◆ AIM OF THE TASK: Give back every entry precisely as written, without any of the images.
━━ DATASET ━━
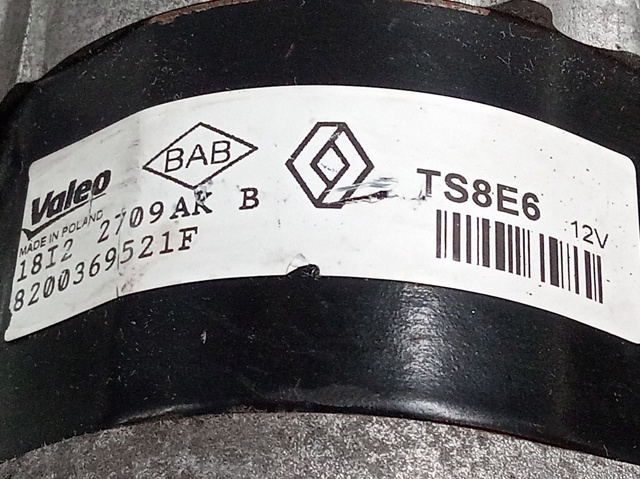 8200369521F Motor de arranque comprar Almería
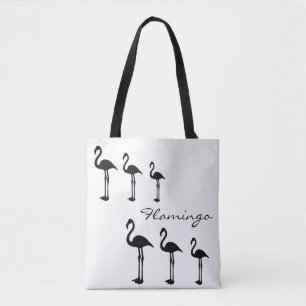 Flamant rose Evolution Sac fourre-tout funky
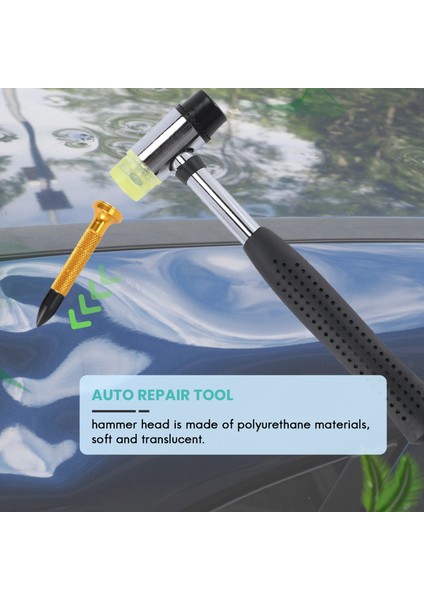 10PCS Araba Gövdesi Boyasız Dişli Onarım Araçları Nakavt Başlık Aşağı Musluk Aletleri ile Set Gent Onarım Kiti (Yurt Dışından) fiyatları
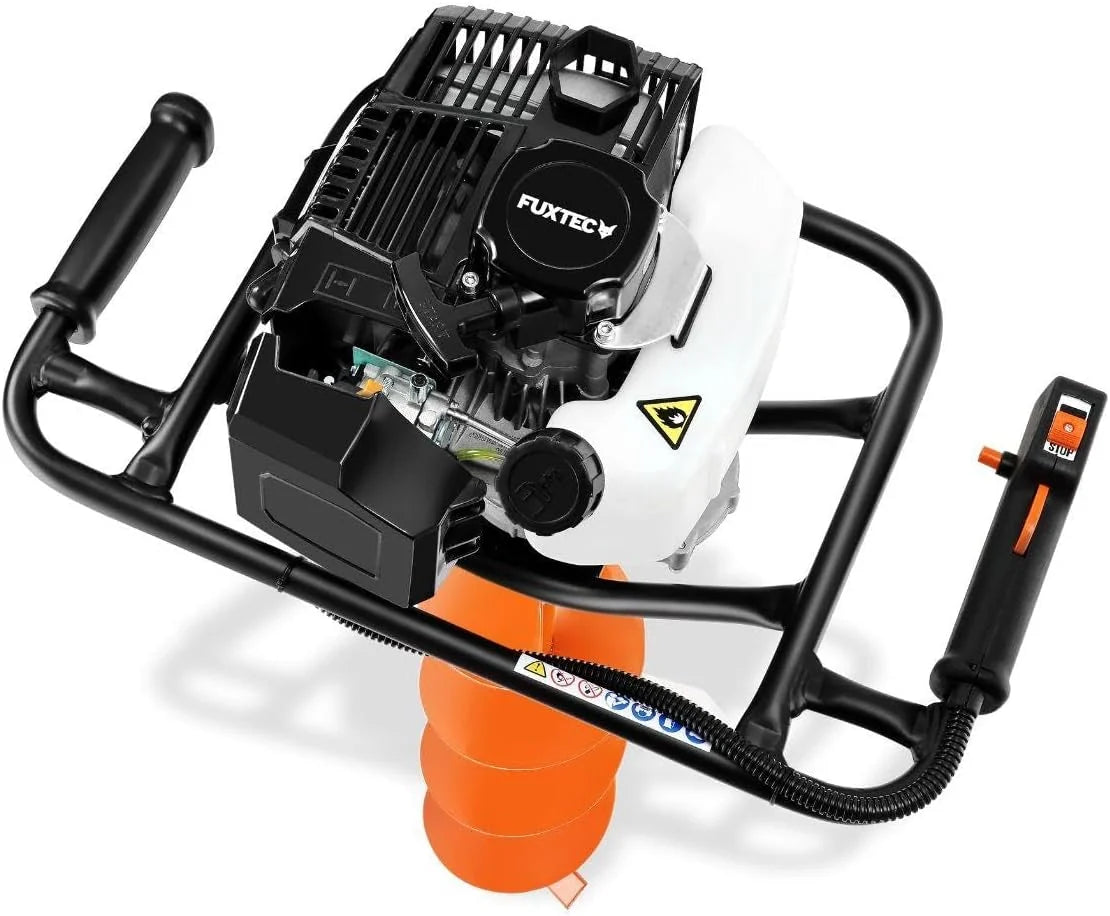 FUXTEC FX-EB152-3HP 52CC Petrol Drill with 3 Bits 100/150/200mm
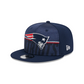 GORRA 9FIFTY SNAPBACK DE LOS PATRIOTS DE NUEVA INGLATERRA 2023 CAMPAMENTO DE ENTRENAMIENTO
━━━
◆ RESPONSE TO THIS TASK:
 8200369521F Motor de arranque comprar Almería
 Flamant rose Evolution Sac fourre-tout funky
 10PCS Araba Gövdesi Boyasız Dişli Onarım Araçları Nakavt Başlık Aşağı Musluk Aletleri ile Set Gent Onarım Kiti (Yurt Dışından) fiyatları
 FUXTEC FX-EB152-3HP 52CC Petrol Drill with 3 Bits 100/150/200mm
 GORRA 9FIFTY SNAPBACK DE LOS PATRIOTS DE NUEVA INGLATERRA 2023 CAMPAMENTO DE ENTRENAMIENTO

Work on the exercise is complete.